Barry Bonds | 31 (26.50%) |
Larry Doyle | 0 (0.00%) |
Carl Hubbell | 3 (2.56%) |
Juan Marichal | 0 (0.00%) |
Christy Mathewson | 4 (3.42%) |
Willie Mays | 78 (66.67%) |
Willie McCovey | 1 (0.85%) |
Johnny Mize | 0 (0.00%) |
Bill Terry | 0 (0.00%) |
Other (who?) | 0 (0.00%) |
Wow, look at the list of players who don't even make the list of nine finalists in the poll ... Frankie Frisch? Travis Jackson? George Van Haltren? Roger Connor? Freddie Lindstrom? Roger Bresnahan? Ross Youngs? Orlando Cepeda? (Sorry, O.C., there re already three first basemen on the list -- so much for Will Clark!) ...
Bobby Bonds was great, but no Barry ... Jeff Kent and Matt Williams both protected Barry ... Old-time pitchers like Joe McGinnity, Tim Keefe and Mickey Welch succumb to Mathewson and Hubbell ... Gaylord Perry was no Juan Marichal -- and don't anybody try to squeeze Tim Lincecum in there (yet!) ... No closers on the list, though there have been plenty of "pretty good" ones like Robb Nen, Rod Beck, Gary Lavelle and Greg Minton ... Dang. Is this collection of players actually better than the one put forth by the Yankees???
I voted Mays.
Bonds, just considering what happened on the field, was the better player with a higher peak but Mays did play all of his good years as a Giant.
I had to vote Bonds as he was/is just too darn good. He has been top 3 in OPS in all but 2 seasons as a Giant (the year he was injured and the following season when he was 'just' 6th).

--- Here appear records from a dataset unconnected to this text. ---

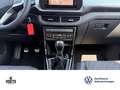 Volkswagen T-Cross 1.0 TSI Goal KAMERA+NAVI+LED Geel - thumbnail 10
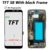 Super A+ OLED LCD Replacement For SAMSUNG Galaxy S8 SM-G950, SM-G950F NEW S8 Plus S8+ Touch Screen SM-G955, SM-G955F, Display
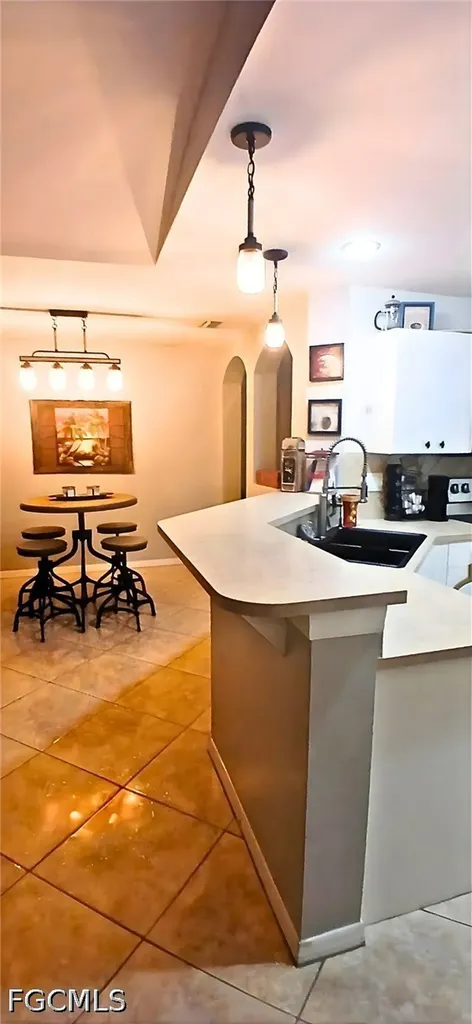 4304 14th Street W Lehigh Acres FL 33971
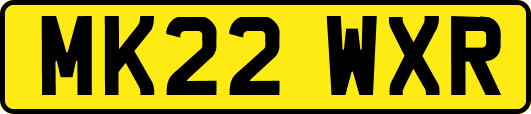 MK22WXR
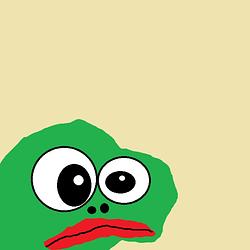 PeePee logo
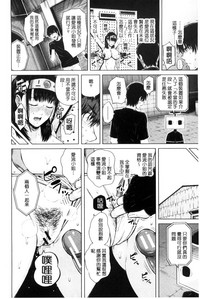 第172頁圖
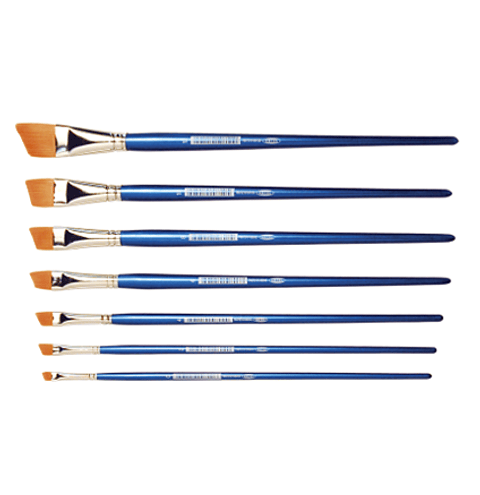 Pincel Sintético Serie 108 Artel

In OPS+ the story is the same, except without the 6th place finish in '06. 4 times top 10 for stolen bases. Pre 98 or full career he is just too amazing.
Mays is almost as amazing, but I just have to go with Bonds.
I was thinking this made an excellent contrast with the Dodgers when I first saw the list. The top of the list beats out anything offered by the Dodgers, with Bonds and Mays making the short list for greatest positional players ever, and Mathewson's career numbers are right up there for the pitchers, although his inability to have a "decent" year (5 years with ERA+ 87 or lower, 12 years 123 or higher) hurt his career numbers in the end.
John, I rarely disagree with you on a point like this, but I voted Mays ... I do think a case can be made that Bonds is better than his godfather was offensively, but defensively, as good a LF as Bonds was (not is, not any more), Willie was arguably the best CF ever to play the game.
I think you can make a good case that Mays, not Ruth, was the greatest position player ever in the history of the entire sport. It's Ruth's pesky dominant pitching career that makes that a problematic argument.